Penulis: Al Ustadz Abu Abdillah Muhammad Afifuddin As-Sidawy
I. WAKTU PUASA
Kapan dimulai puasa ? Dan kapan berakhir? Hal ini telah diterangkan secara global oleh Allah I dalam firman-Nya :
وَكُلُوا وَاشْرَبُوا حَتَّى يَتَبَيَّنَ لَكُمُ الْخَيْطُ الْأَبْيَضُ مِنَ الْخَيْطِ الْأَسْوَدِ مِنَ الْفَجْرِ ثُمَّ أَتِمُّوا الصِّيَامَ إِلَى اللَّيْلِ
“ dan makan minumlah hingga terang bagimu benang putih dari benang hitam, yaitu fajar. Kemudian sempurnakanlah puasa itu sampai (datang) malam” (Al Baqoroh : 187)
Dalam Shohih Al-Bukhory (1917) dan Muslim (1091/35) dari jalan Abu Hazim Salamah bin Dinar dari Sahl bin Sa’d t beliau menjelaskan : “ Tatkala ayat ini turun, bila ada seseorang yang hendak puasa, dia mengikat di kedua kakinya tali hitam dan tali putih, lalu dia terus saja makan dan minum hingga jelas nampak baginya pemandangan (dua tali tadi).
Maka Allah I turunkan setelah itu (مِنَ الْفَجْرِ ) merekapun tahu bahwa yang dimaksud adalah malam dan siang.”
Juga disebutkan dalam Shohih Al-Bukhory (1916) dan Muslim (1090) dari jalan ‘Amir bin Syurohbil As-Sya’by dari Ady bin Hatim t, beliau menguraikan : “ Tatkala turun ayat ini, saya mengambil ikatan hitam dan ikatan putih lalu saya letakkan di bawah bantalku, saya lihat di malam hari namun tidak nampak bagiku, saya pun pergi di pagi hari menuju Rosulullah r , lalu saya ceritakan hal tersebut kepada Beliau r , maka Beliau r bersabda
"إِنَّمَا ذَالِكَ سَوَادُ اللَّيْلِ وَ بَيَاضُ النَّهَارِ "
“ yang dimaksud adalah kegelapan malam dan putihnya( terangnya ) siang”
Al-Imam Al-Hafizh Ahmad bin Ali bin Hajar Al-‘Asqolany رحمه الله , salah seorang Imam besar dari Madzhab Syafi’iy, wafat tahun 852 H. Dalam Kitabnya Fathul Bari Syarh Shohih Al-Bukhory 4/633 cet. Daarul Fikr, Bairut-Libanon tahun 1416H/1996 M. Menjelaskan : “ Makna ayat ini adalah : Hingga nampak jelas putihnya siang dari hitamnya malam, kejelasan ini dicapai dengan terbitnya fajar shodiq.”

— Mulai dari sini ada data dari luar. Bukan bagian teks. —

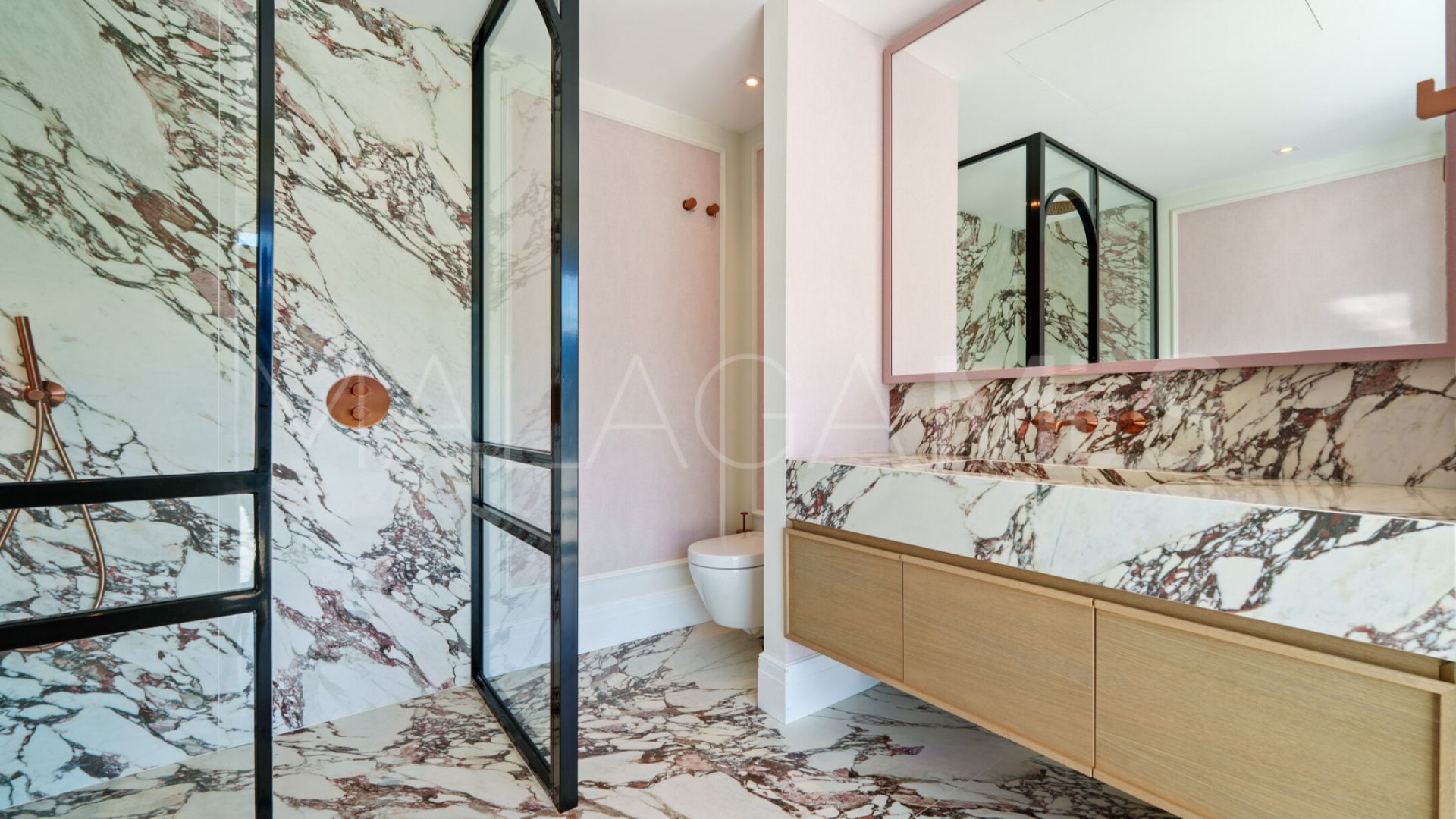 El Madroñal 5 bedrooms villa for sale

Silahkan periksa keterangan senada dari Al-Imam Asy-Syaukany Muhammad bin Ali bin Muhammad. Wafat tahun 1250 H. Seorang Imam besar dari Yaman, dalam tafsir beliau Fathul Qodir (1/339 cet. Daarul Wafa’-AL-manshurih-Mesir th 1418 H/1997 M).
II. FAJAR KADZIB DAN FAJAR SHODIQ
Ayat dan hadits di atas menjelaskan kepada kita secara gamblang batas akhir waktu shahur dan dimulainya waktu puasa. Yaitu dengan terbitnya fajar shodiq sebagaimana yang dijelaskan oleh Al-Hafizh Ibnu Hajar dan Al-Imam Asy-Syaukany.
Dengan terbitnya fajar shodiq, masuknya waktu sholat shubuh, dimulainya waktu puasa dan berakhirnya waktu sahur.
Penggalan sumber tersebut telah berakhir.